A toi nos coeurs, à toi nos bras
A toi notre sang, ô Patrie
Nous le jurons, tous, tu vivras
Tu vivras, toujours grande et belle
Et ton invincible unité
Aura pour devise immortelle
Le Roi, la Loi, la Liberté (3x)

La Brabançonne existe en version intégrale et en version courte. Sur le territoire national, l’hymne belge est toujours joué en dernier, après les hymnes étrangers (voir règle plus bas).
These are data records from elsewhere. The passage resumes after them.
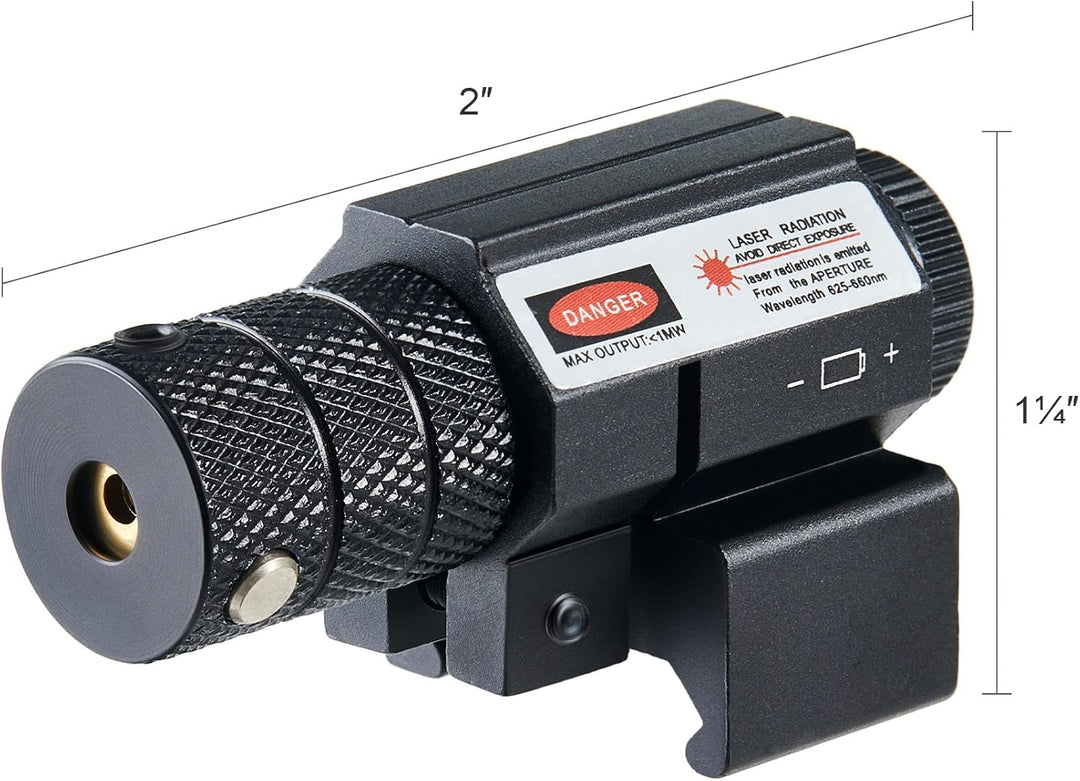  Tactical Red Laser Sight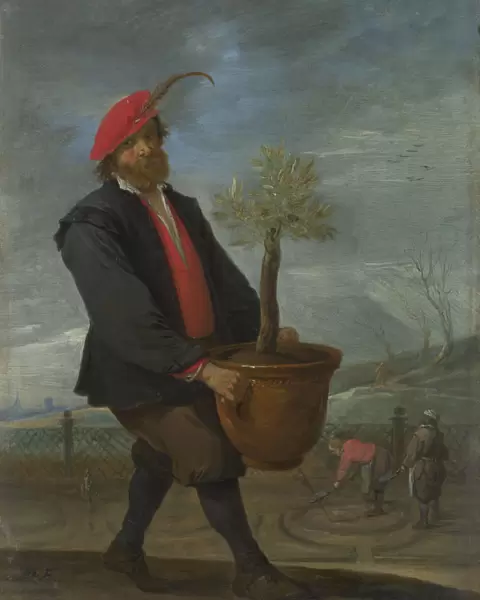 Spring (From the series The Four Seasons), c. 1644. Artist: Teniers, David, the Younger (1610-1690)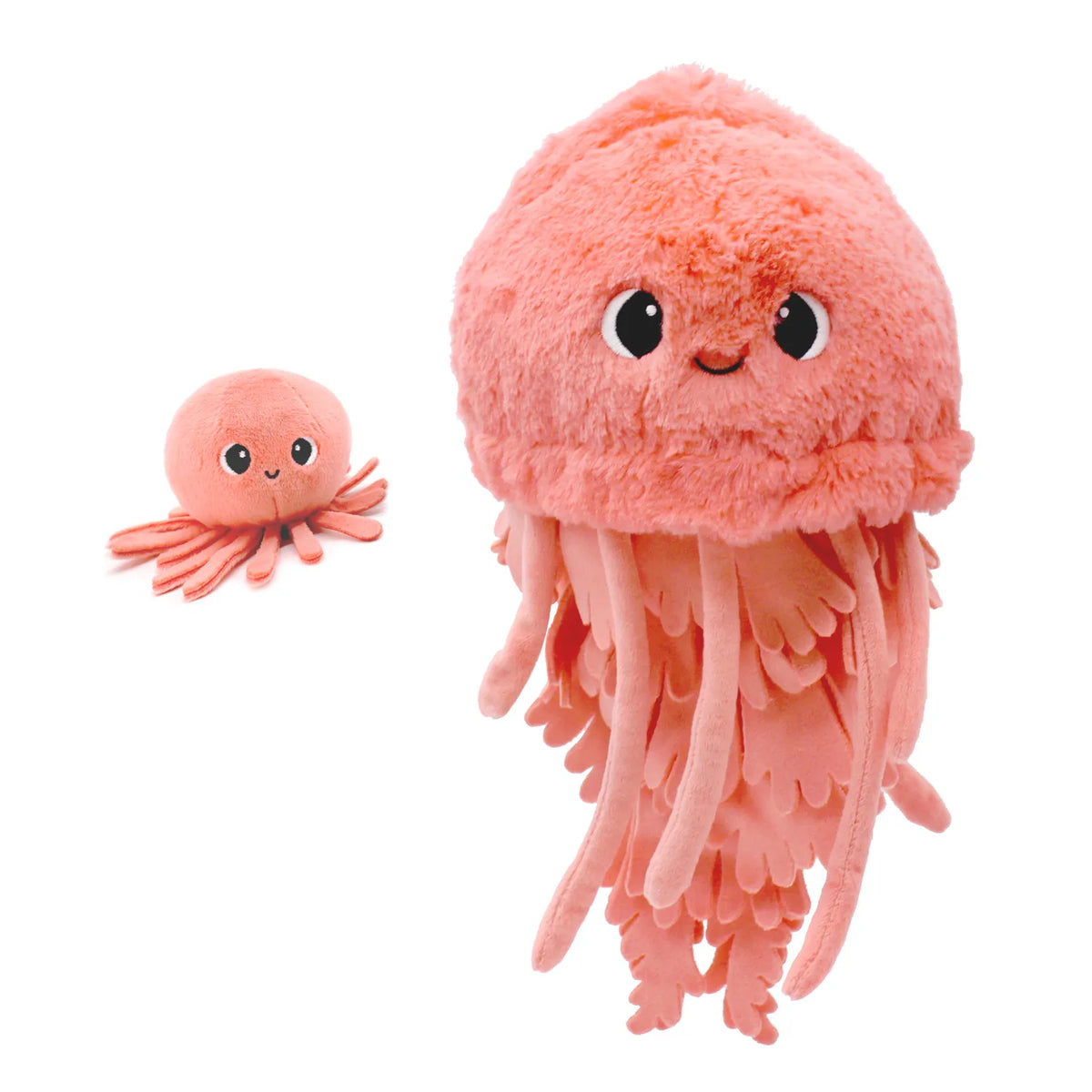 Peluche d'aide à la séparation Liloo la méduse - Les Déglingos Pré commande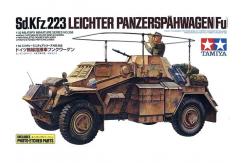 Tamiya 1/35 Sd.Kfz.223 with Photo Etched Parts image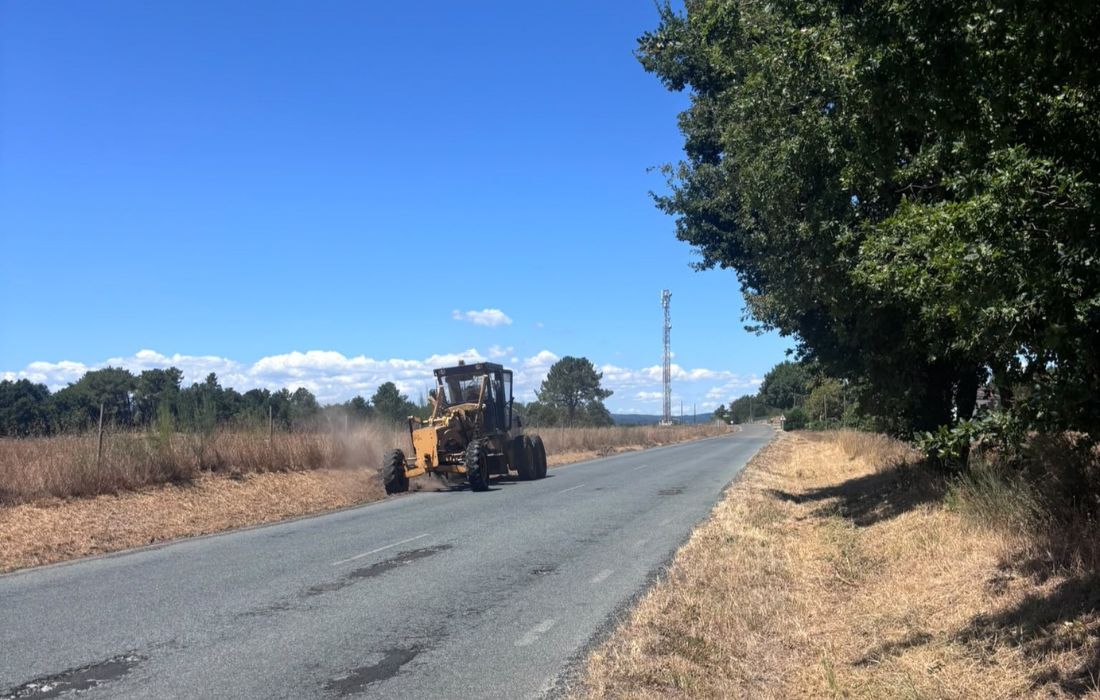 Inicio obras na LU-P-5903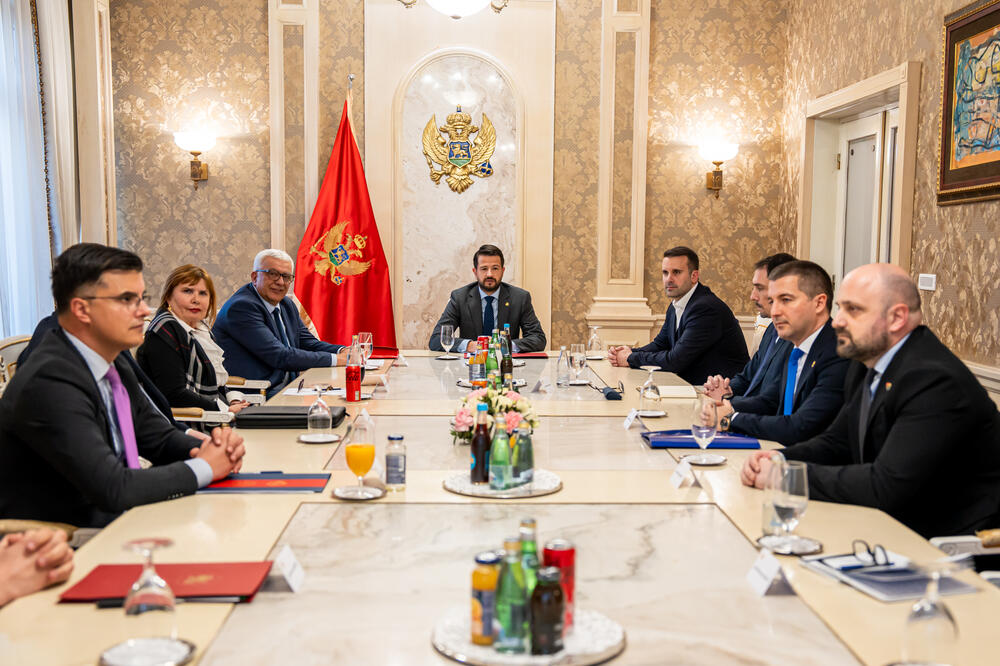 Sa sjednice, Foto: Kancelarija za odnose s javnošću predsjednika Crne Gore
La version intégrale de La Brabançonne est jouée dans les cas suivants :

Lors de cérémonies en présence du Roi, de la Reine ou de Membres de la Famille royale (le moment de l’exécution peut varier en fonction de l’importance de la cérémonie, du dispositif, etc.);
– A l’issue de cérémonies commémoratives ou patriotiques;
– Avant une manifestation sportive nationale ou internationale;
– Lors d’une remise de prix;
– A l’issue d’une séance académique;
– A l’issue d’un service religieux ou œcuménique à caractère militaire ou patriotique;
– Lors de funérailles avec honneurs militaires (si musique militaire présente), lorsque le cercueil est sorti du corbillard et déposé, immédiatement après la sonnerie «Aux Champs»;
– A l’issue du service (religieux) lors de funérailles, avant la sortie du cercueil ou avant la sortie du Roi ou de Son représentant;

Lors du salut au drapeau, après la sonnerie «Aux Champs».
– La version courte de La Brabançonne est jouée dans les cas suivants :
– A l’arrivée du Roi, de la Reine ou d’un Membre de la Famille royale, immédiatement après la sonnerie «Aux Champs». L’exécution de La Brabançonne doit être terminée juste avant que les Souverains ou Membres de la Famille royale ne descendent de voiture.
– A l’arrivée du Représentant du Roi, immédiatement après la sonnerie du (des) «Garde-à-vous»;
– Lors de la mise en place et du départ d’un emblème, immédiatement après la sonnerie «Aux emblèmes» – «Au drapeau» – «A l’étendard» – «Au fanion»);
– A la fermeture du ban, immédiatement après la sonnerie «Fermez le ban».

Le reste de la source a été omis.